## WORK REQUEST
From the first line to the last, copy the material word for word; pictures stay out.

## COLLECTED DATA
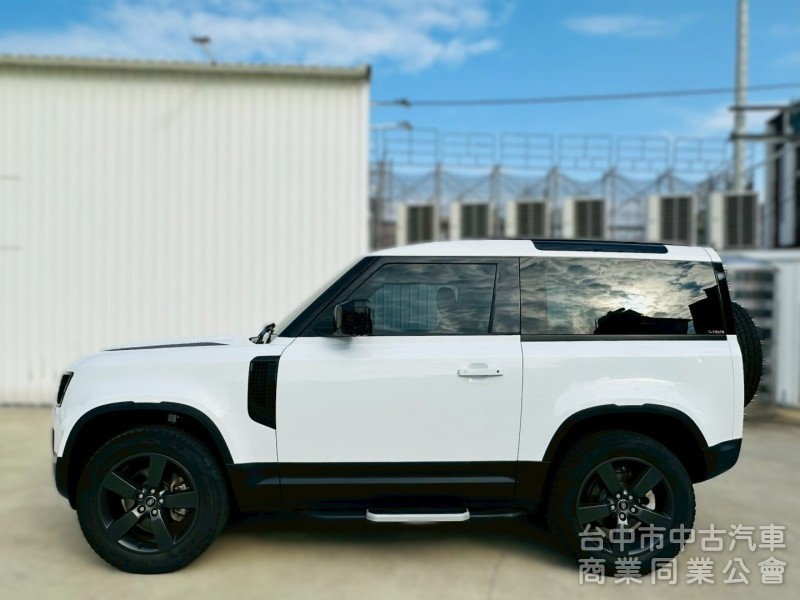 硬派越野大滿配 全地形反應系統 氣壓避震 冰箱 全景天窗 20吋輪圈,,,,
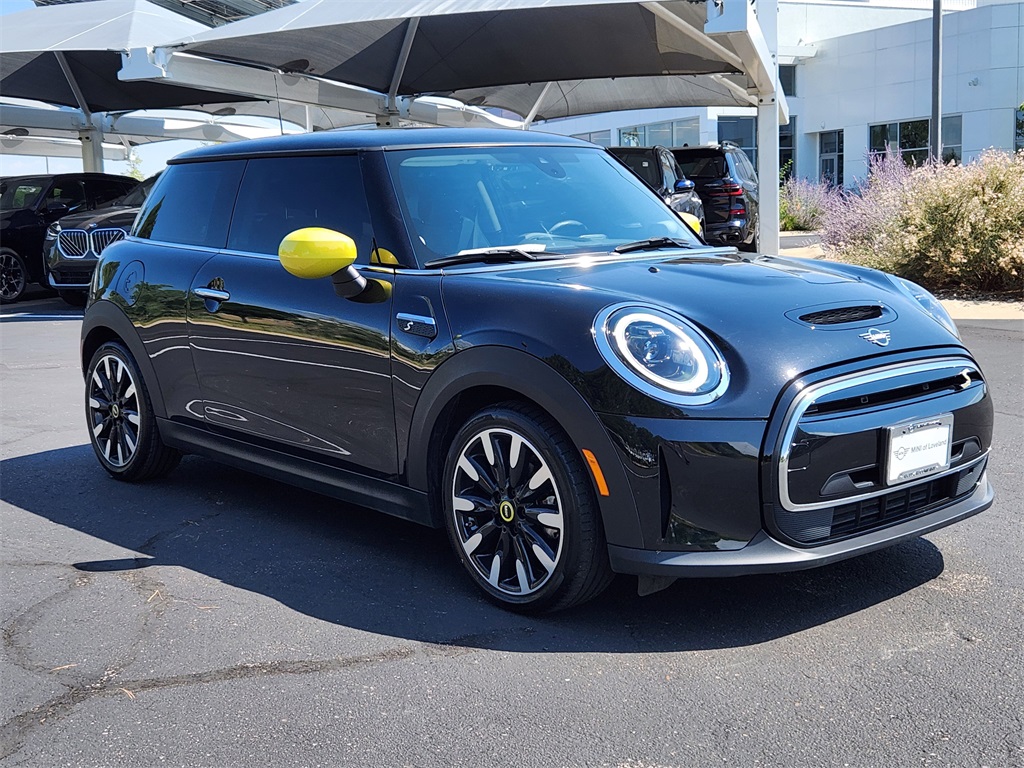 2024 Mini Cooper 2 Door Hardtop SE photo 4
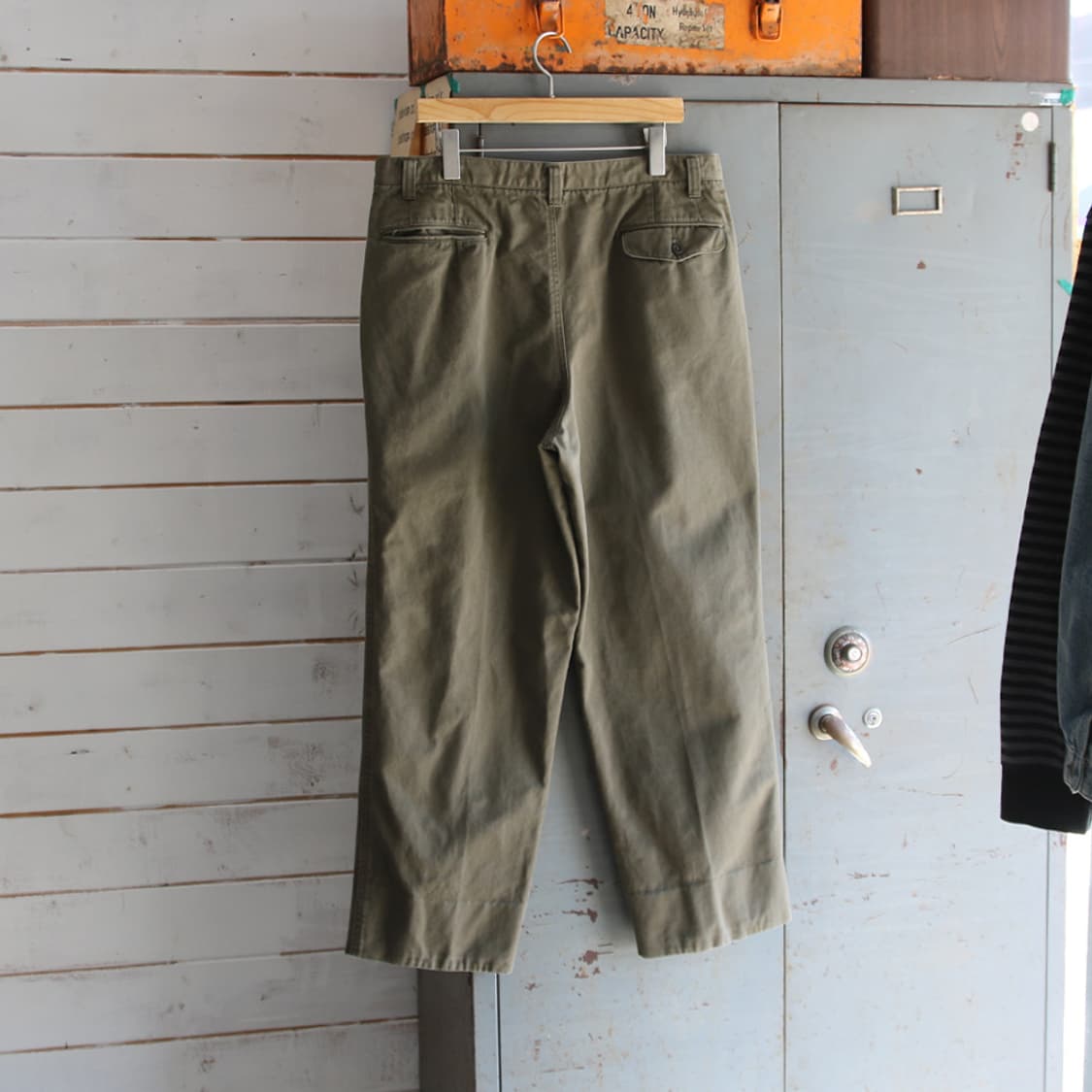 (착용컷) INTERMEZZO 클래식 치노 팬츠 (남성용 34) 상품이미지2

## RESPONSE BOX
 硬派越野大滿配 全地形反應系統 氣壓避震 冰箱 全景天窗 20吋輪圈,,,,
 2024 Mini Cooper 2 Door Hardtop SE photo 4
 (착용컷) INTERMEZZO 클래식 치노 팬츠 (남성용 34) 상품이미지2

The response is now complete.